Finally, I finished Dave Eggers’ You Shall Know Our Velocity. Isn’t that a great title? The book is about two friends, Will and Hand, who embark upon a week-long trip around the world to give away $32,000. Why? Something about the recent loss of their friend Jack, who was killed when a trucker drove over his car. The motivation of the two friends, especially Will, the main protagonist, becomes clearer as the book progresses, but by the end I wasn’t paying attention.
To be fair, part of the problem is subject matter. The “traveling men supposedly experiencing profound changes and embracing life but really just behaving like assholes” genre is so tedious. I didn’t get On the Road either.

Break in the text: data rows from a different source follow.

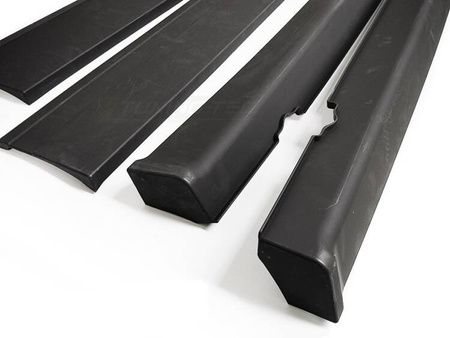 Muchiile laterale + muchiile ușilor Sporty Style BMW E30 82-90 2d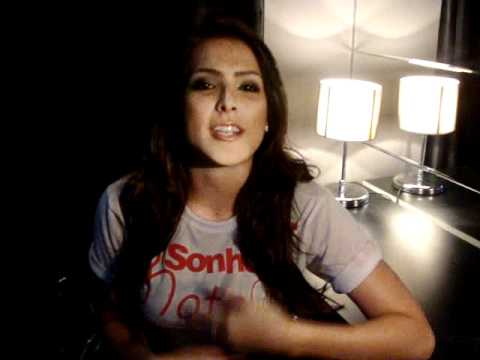 Miss Brasil Debora Lyra abraa a campanha Sonhos de Natal 2010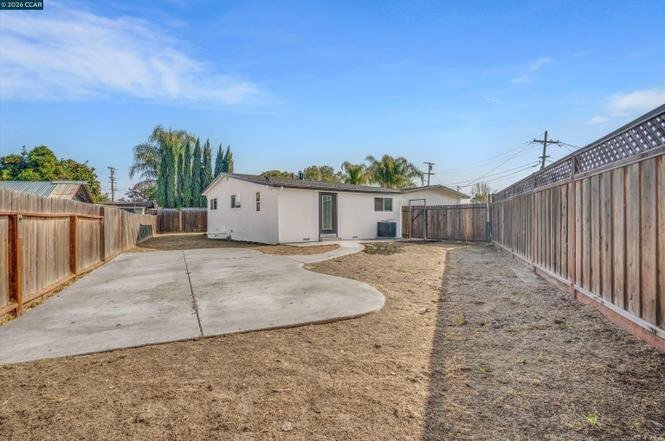 Building Photo - 753 Castle Ct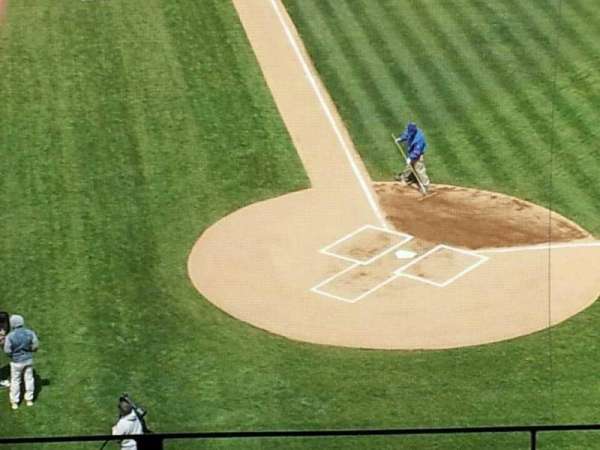 Wrigley Field, section: 321R, row: 5, seat: 4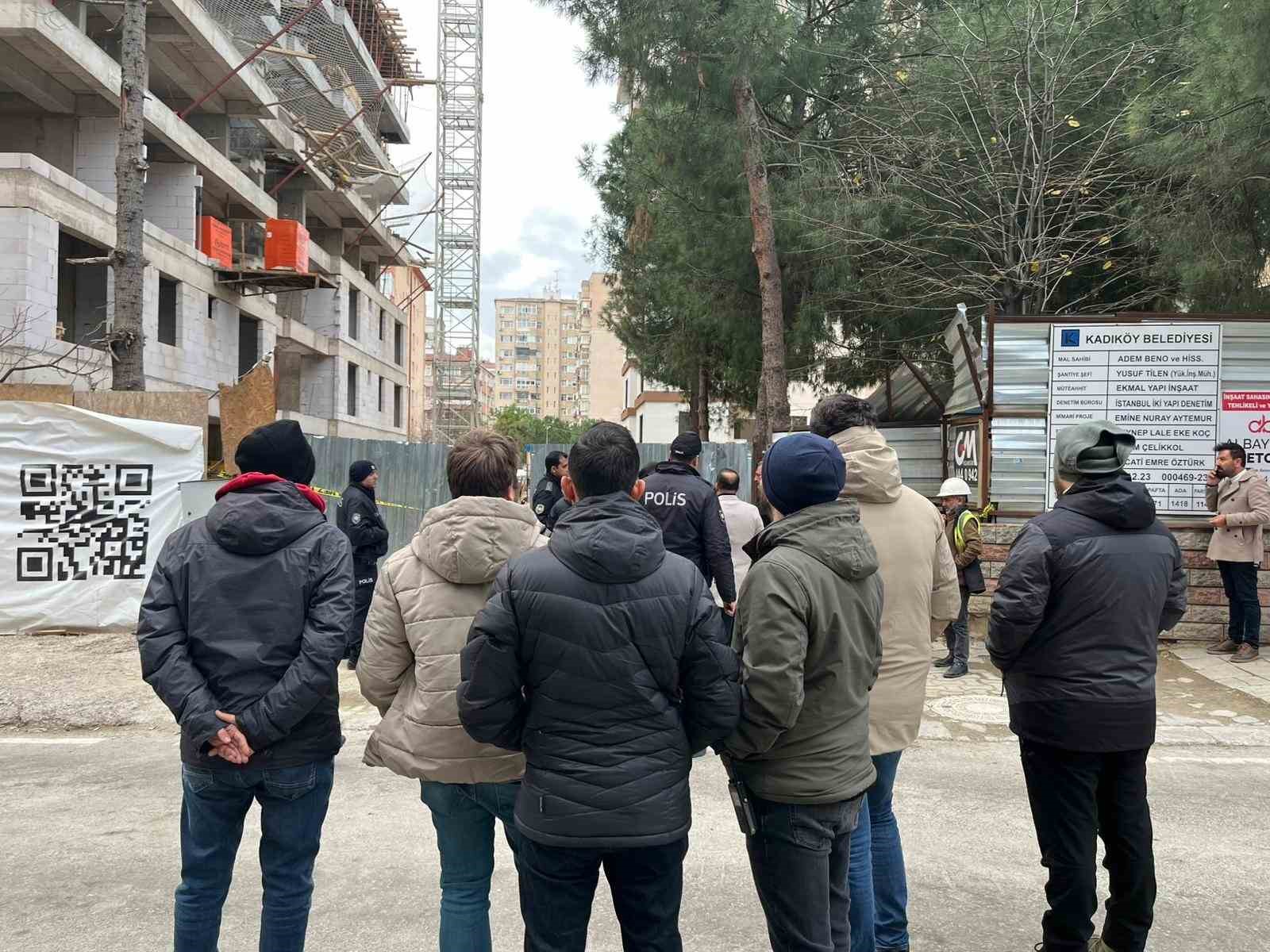 kadikoyde maaslarini alamadiklarini iddia eden insaat iscileri vinc kulesine cikti 0 sVmgnu8H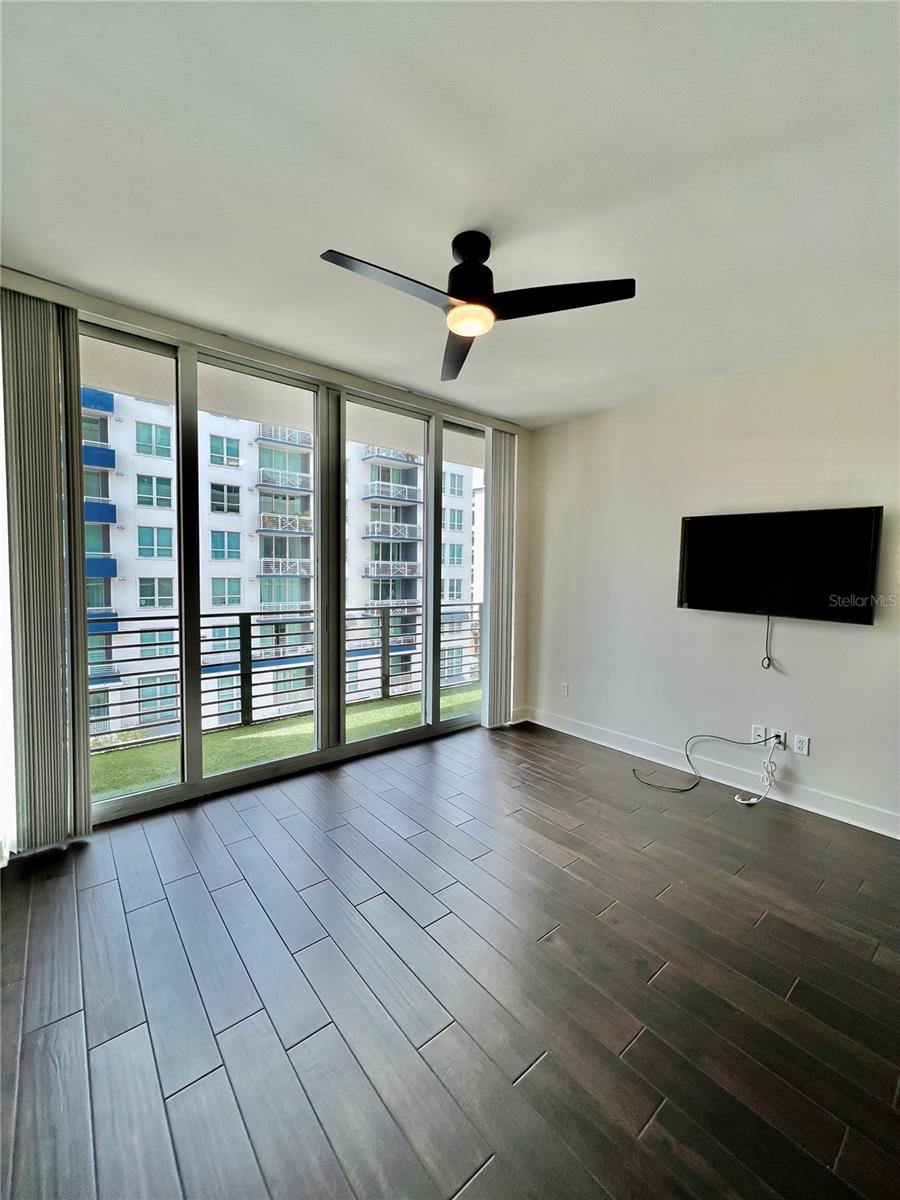 Image 28 of 32 For 1120 Kennedy Boulevard 411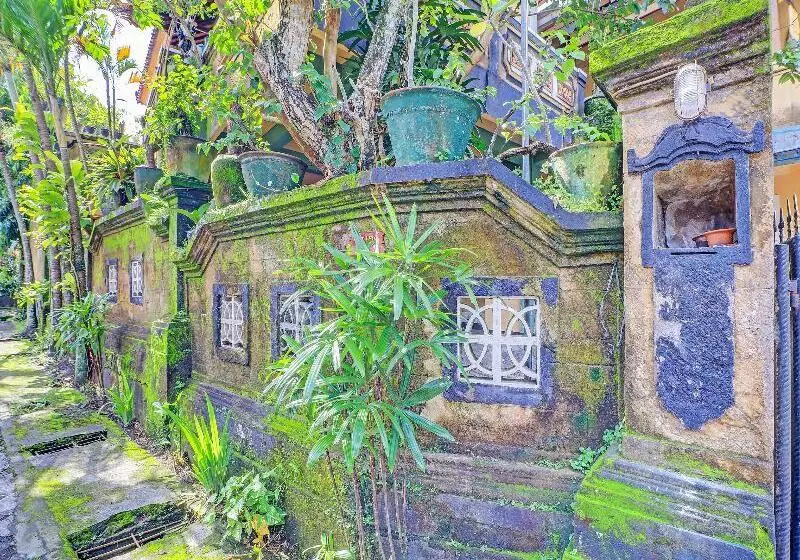 ホテル Oyo 91235 Pondok Damu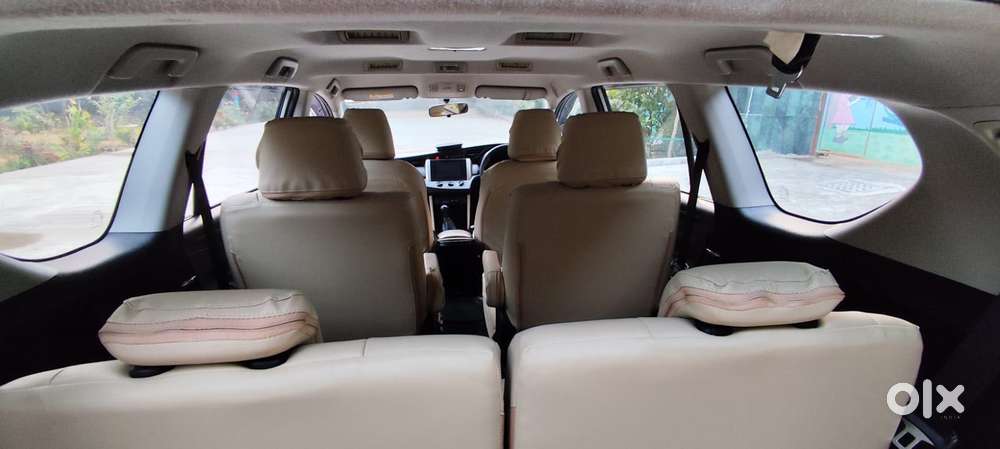 Toyota Innova Crysta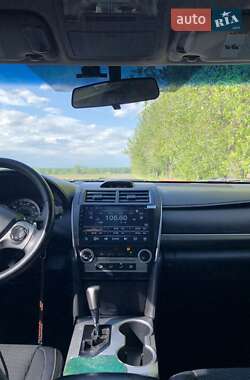 Седан Toyota Camry 2013 в Києві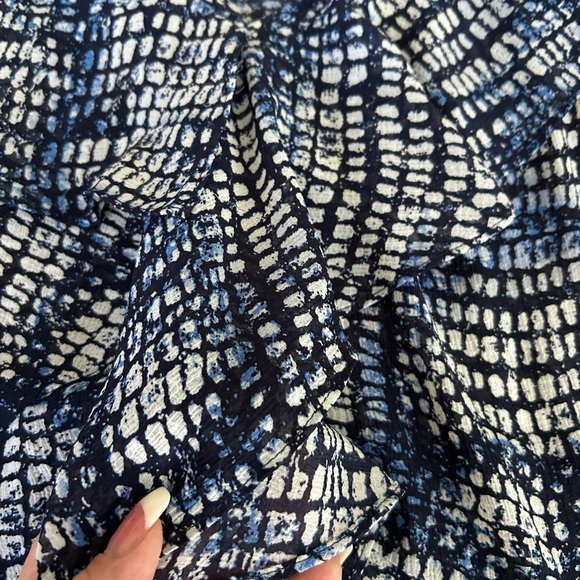 Daisy Fuentes Blue, and White Patterned Sleeveless Top - Picture 3 of 9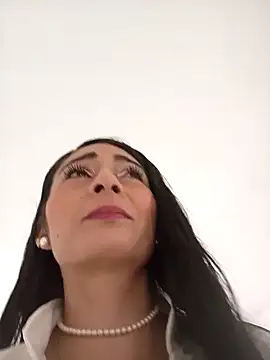 BELLA--26 online show from January 2025 02:19:01 PM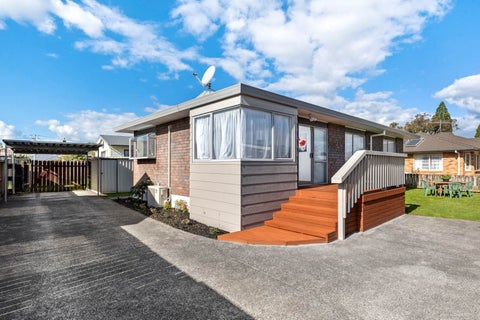 2/33 Alma Crescent, Papakura, Papakura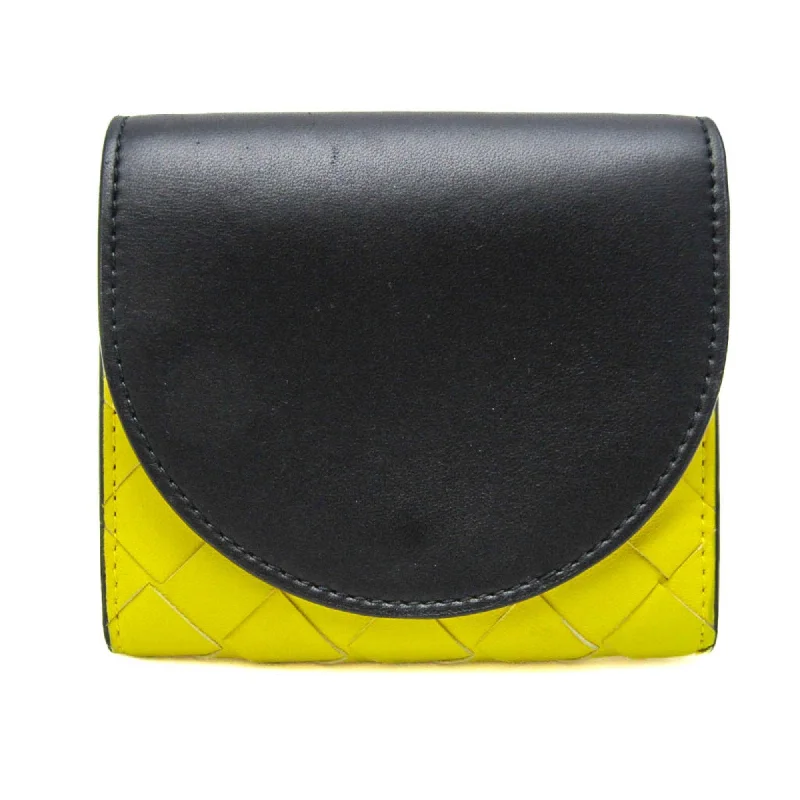 Women's money clip for a DIY - inspired styleBottega Veneta Intrecciato  Leather Wallet  (Pre-Owned)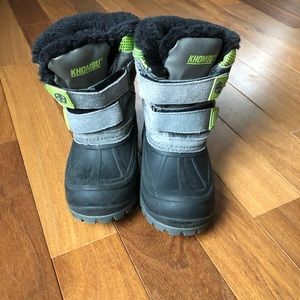 Winter boots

My other beef with You Shall Know Our Velocity is also a matter of taste. The front of the paperback edition features a quote from the New York Times book review: “Eggers’s frisbee sentences sail, spin, hover, circle and come back to the reader like gifts of gravity and grace.” True, Eggers is imaginative and talented, but he relies too much on clever devices that soon begin to seem like crutches (e.g., the conversations in Will’s head).
Experimenting with the written word is a good thing if it’s done with purpose and furthers the author’s objective. I’m not convinced that You Shall Know Our Velocity meets that standard. I admit, however, that my prejudice against male road-trip books is probably clouding my judgment, so I’ll leave it at this: I can sort of understand why a lot of people like this book.